As hundreds of thousands of Italians poured into piazzas in Rome and 230 other cities on Sunday to protest against prime minister Silvio Berlusconi and his sexual shenanigans, the placards told the story.
“Italy is not a brothel!” said one sign. “Berlusconi you are stealing our dignity!” said another.
Aretha Franklin’s Respect rang out across Piazza del Popolo in Rome, as tens of thousands gathered to hear poignant messages from anonymous women read out to the crowd.
Ordinary women who have no jobs, are too afraid to tell their employers they are pregnant, or push their children to leave the country as soon as they leave university because there is no future for them here. One even complained her young child had added “escort” to his vocabulary.
After a minute’s silence across the central square, a massive banner was unfurled saying, “If not now, when? We want a country that respects all women”.
As massive crowds took to the streets from Turin in the north to Palermo in the south to demand the 74-year-old leader’s resignation , a judge was weighing up whether he stands trial on allegations he paid for sex with an under-age prostitute known as Ruby and abused his power to have her released from police custody last year.
The protests drew young mothers with toddlers, teenagers and grandmothers who had fought on the front line of the sexual revolution a generation ago.
But there were also plenty of men in the crowd, including a 72-year-old pensioner, flanked by his wife, who told me what it meant to him to ride on a bus where he could barely breathe it was so full of protesters.
“I have never seen anything like it,” he told me as his wife watched him in silence. “I am convinced that many women are disgusted with Mr Berlusconi. For me it is very moving.”
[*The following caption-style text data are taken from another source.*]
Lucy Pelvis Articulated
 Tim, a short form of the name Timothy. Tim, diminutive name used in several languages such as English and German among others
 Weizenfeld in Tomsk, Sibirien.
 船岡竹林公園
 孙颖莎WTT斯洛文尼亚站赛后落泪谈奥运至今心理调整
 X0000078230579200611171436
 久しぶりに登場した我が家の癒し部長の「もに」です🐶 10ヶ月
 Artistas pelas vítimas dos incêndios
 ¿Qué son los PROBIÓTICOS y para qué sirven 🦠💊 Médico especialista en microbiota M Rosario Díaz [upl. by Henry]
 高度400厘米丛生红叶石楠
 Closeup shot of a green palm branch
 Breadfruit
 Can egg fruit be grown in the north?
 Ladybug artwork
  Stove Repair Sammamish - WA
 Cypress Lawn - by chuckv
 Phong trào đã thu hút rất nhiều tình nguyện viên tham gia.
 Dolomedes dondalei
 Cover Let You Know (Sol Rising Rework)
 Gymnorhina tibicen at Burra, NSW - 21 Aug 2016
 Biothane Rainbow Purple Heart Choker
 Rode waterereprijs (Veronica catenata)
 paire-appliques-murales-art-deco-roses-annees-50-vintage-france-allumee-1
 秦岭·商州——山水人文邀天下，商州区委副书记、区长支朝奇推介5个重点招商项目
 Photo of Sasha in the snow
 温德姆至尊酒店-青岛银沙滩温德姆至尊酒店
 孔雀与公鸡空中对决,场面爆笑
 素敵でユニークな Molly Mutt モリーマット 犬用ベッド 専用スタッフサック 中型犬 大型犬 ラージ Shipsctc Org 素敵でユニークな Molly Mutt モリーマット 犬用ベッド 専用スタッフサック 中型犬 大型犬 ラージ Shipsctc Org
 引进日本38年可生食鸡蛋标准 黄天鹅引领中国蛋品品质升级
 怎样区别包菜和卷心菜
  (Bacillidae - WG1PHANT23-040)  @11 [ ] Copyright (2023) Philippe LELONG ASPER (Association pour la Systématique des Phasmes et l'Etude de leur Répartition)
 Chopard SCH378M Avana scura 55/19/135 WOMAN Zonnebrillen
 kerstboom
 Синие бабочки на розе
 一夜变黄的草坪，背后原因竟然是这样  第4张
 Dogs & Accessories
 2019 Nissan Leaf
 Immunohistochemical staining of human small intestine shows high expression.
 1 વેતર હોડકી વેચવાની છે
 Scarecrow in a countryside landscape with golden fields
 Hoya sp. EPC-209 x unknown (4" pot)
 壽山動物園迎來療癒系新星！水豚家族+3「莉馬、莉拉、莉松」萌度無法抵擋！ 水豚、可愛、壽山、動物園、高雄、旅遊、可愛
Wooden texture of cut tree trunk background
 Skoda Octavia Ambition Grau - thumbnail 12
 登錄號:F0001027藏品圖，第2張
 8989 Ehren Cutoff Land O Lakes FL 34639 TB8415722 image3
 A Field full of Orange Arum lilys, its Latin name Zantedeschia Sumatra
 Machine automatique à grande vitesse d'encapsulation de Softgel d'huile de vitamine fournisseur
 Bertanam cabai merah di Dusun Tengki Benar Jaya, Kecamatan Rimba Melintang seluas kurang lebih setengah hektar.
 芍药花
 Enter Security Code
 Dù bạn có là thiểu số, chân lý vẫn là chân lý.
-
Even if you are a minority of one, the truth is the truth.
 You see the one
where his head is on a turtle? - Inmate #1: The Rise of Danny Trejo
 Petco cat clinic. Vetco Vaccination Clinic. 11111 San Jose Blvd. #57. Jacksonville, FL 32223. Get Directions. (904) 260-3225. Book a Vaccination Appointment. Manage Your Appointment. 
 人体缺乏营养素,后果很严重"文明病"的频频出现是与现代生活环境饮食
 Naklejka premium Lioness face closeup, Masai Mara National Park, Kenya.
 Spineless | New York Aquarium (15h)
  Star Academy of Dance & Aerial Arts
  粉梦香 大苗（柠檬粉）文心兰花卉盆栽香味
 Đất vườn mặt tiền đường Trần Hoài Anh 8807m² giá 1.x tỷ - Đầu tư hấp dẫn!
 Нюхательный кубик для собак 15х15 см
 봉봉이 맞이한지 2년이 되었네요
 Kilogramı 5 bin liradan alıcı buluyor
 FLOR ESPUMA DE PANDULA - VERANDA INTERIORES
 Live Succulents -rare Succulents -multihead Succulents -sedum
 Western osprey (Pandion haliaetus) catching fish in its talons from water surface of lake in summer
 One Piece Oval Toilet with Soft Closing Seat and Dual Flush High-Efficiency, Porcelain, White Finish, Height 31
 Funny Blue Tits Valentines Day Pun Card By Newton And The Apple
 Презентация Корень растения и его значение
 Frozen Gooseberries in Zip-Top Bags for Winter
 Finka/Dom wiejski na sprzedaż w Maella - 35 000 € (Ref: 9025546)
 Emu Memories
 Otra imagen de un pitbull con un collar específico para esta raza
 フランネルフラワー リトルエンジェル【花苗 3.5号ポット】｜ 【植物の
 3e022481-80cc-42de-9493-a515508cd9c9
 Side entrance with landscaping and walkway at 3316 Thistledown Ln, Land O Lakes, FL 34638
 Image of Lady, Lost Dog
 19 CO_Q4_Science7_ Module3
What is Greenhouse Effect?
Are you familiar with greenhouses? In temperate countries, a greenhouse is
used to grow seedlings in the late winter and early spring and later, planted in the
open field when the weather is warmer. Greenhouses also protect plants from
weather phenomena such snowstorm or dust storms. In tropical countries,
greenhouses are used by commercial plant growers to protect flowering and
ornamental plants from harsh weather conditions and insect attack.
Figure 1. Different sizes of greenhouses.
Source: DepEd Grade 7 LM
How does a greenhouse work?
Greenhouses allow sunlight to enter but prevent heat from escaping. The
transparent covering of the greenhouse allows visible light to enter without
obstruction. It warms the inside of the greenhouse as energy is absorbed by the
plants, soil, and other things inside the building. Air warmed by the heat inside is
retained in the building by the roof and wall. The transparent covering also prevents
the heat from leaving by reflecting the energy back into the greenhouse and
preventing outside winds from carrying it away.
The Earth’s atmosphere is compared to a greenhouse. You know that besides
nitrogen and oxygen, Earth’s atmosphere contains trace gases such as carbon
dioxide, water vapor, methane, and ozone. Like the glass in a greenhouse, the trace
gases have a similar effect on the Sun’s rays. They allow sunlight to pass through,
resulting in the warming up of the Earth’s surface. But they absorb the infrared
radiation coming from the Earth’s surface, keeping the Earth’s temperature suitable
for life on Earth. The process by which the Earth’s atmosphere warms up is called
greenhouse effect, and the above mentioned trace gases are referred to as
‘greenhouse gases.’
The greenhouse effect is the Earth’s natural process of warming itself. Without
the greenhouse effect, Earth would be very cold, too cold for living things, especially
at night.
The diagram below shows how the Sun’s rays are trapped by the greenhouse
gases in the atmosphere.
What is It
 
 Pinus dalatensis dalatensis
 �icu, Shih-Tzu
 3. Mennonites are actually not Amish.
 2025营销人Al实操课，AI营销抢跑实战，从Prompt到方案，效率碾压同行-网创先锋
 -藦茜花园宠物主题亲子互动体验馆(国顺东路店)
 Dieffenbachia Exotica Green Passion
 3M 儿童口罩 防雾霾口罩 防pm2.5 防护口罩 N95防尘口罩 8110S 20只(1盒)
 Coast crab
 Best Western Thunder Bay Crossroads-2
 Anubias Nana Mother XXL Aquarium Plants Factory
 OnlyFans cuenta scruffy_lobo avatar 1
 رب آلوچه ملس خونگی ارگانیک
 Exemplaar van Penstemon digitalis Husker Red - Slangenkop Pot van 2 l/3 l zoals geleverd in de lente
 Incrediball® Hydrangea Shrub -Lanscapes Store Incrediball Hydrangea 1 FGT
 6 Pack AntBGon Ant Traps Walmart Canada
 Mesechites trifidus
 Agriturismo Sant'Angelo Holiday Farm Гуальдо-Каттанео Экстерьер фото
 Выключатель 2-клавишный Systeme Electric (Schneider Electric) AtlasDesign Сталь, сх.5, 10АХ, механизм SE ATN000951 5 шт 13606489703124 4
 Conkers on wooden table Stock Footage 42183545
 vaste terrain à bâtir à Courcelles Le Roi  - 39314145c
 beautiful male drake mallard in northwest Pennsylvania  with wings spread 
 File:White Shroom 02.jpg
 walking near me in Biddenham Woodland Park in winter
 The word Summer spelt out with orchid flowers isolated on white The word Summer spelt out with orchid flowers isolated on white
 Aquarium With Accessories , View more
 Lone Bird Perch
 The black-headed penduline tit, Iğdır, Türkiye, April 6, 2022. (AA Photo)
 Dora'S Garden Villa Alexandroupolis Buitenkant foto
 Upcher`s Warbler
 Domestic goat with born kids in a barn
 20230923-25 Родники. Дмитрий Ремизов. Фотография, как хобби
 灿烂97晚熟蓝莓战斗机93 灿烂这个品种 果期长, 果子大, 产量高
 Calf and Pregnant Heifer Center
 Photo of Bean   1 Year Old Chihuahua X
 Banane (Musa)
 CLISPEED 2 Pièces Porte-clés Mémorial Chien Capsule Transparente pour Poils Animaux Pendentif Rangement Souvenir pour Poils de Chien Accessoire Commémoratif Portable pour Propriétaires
What made this protest so different to many of the other anti-Berlusconi demonstrations was its grassroots surge. This was not organised by a political party or trade unions, communists or fascists. This protest was from women and men of all ages eager to tell their narcissistic leader “Enough is enough!” — in a political bushfire fuelled by the mainstream media and social networking sites such as Facebook.
Some women in the crowd even told me they had been inspired to take action after what they had seen in Tunisia and Egypt.
“We want to see an end to corruption, we want a new consciousness,” one woman told me.
This was far more than a protest against Berlusconi and his private pole-dancing parties. This was a belated rejection of a culture of corruption and s-xual favours, where women can be a topless dancer one day and be running for political office the next.
“Women in this country are denigrated by the repeated, indecent and ostentatious representation of women as a n-ked s-xual object on offer in newspapers, televisions and advertising,” said protest organiser Ida Poletto.
Whether any of the women or men who protested today ever voted for Berlusconi is an open question.
But they certainly sent a strong message to 74-year-old leader that they have had enough of his behaviour and he can no longer blame what he calls a left-leaning judiciary for his woes.